It’s actually not true and patently false.
> The only question is whether it will continue to be ruled from Washington or whether it will be ruled from Moscow.
Even if these were the options (and they aren’t cause Americas not looking to rule Ukraine). The choice is clear, being ruled by Moscow which leads to the rape and torture of your civilians(including children), or being ruled by America which leads to not that.
> That is why this is a US-Russia proxy war, with Ukraine stuck in the middle.
Russia keeps changing the reasons they invaded the current reasons have nothing to with America but I’m sure they will change next week.
> I can tell you the U.S. certainly didn't want outside intervention during our own civil war.
So, you say that US has the right to support one side, including an anti-constitutional coup against democratically elected president, and Russia has no right to support the other side? I beg to disagree.
In fact, Kiev has been Washington’s military proxy against Russia and its “compatriots” in eastern Ukraine for months. Since the political crisis began, Secretary of State John Kerry, CIA Director John Brennan and Vice President Joseph Biden (twice) have been in Kiev, followed by “senior US defense officials,” American military equipment and financial aid. Still more, a top US Defense Department official informed a Senate committee that the department’s “advisers” are now “embedded” in the Ukrainian defense ministry. [1]
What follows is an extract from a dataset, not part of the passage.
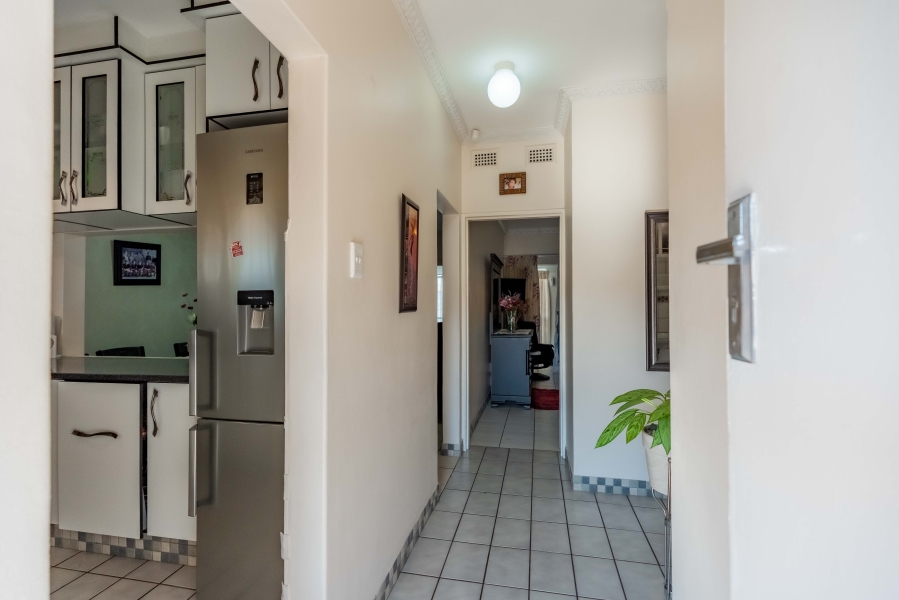 2 Bedroom Property for Sale in Pinetown KwaZulu-Natal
> This isn't two states playing covert war games in a third state, this is Ukraine fighting for its sovereignty against a separatist movement.
This is one way to see it. Hopefully, I gave you enough information to explain how it is possible to view the issue from completely different point of view.
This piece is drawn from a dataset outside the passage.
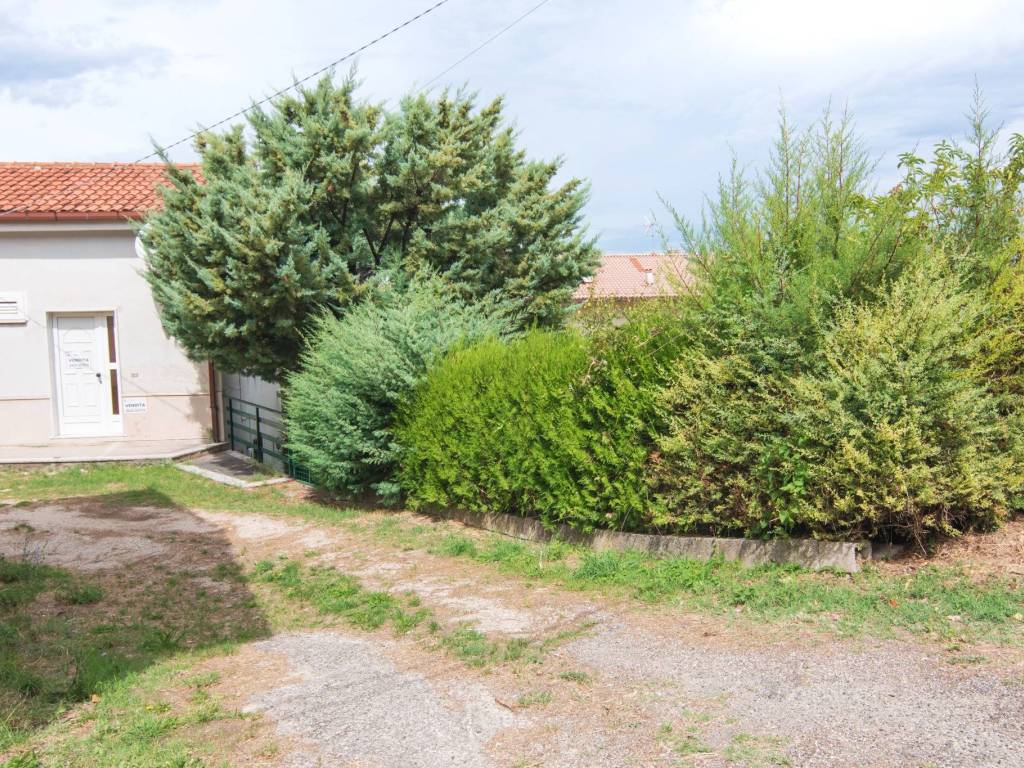 Casa indipendente a San mango sul calore in Strada Comunale Chiusano San Domenico-Castelvetere - Foto 2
> Ukraine is not "NATO controlled", and has been refused entry into NATO. Nobody has suggested putting NATO missiles in Ukraine; that's all Putin's propaganda.
Ukraine is actually controlled by the US State Department, and has been since the Maidan Coup overthrew a democratically elected leader.
It was Washington & Brussels that issued an Ultimatum to Yanokovych in https://youtu.be/ROTwyP5no08?t=381 that preceded the protests and led to the coup.
It was the Oligarch Kolomoisky that bankrolled Zelensky's campaign, providing him protection, a bodyguard, vehicles, and other resources
https://www.youtube.com/watch?v=MXgli7TpINw
> They are attempting to weaken Russian through a proxy war (Think Afghanistan or Vietnam). They are not defending Ukraine.
Wow, if only Russia had a way to stop the wests devious plan of forcing them to fight in Ukraine and decimate their military. I guess they could leave right?.
> If the US administrations truly wanted peace they would have signed up for permanent no-NATO agreements as Dr. Mearsheimer has pointed out.
Dr Mearsheimer has gotten nearly everything about this war incorrect, no one should be listening to him.
> But having Ukraine become Switzerland would not benefit the US' current warlike ambitions, nor would it assist the plundering of the incredibly valuable resources of Ukraine. Zelensky's platform for peace, when he was elected, was destroyed by the Banderistas in Western Ukraine who have been prepping for war, or executingi
Damn those Banderistas and there control of the Russian government, if only Putin had the power to not do what the west and the Banderists wanted he would of been able to stay out of this mess and to invaded Ukraine, but those mind control geniuses forced him to do it.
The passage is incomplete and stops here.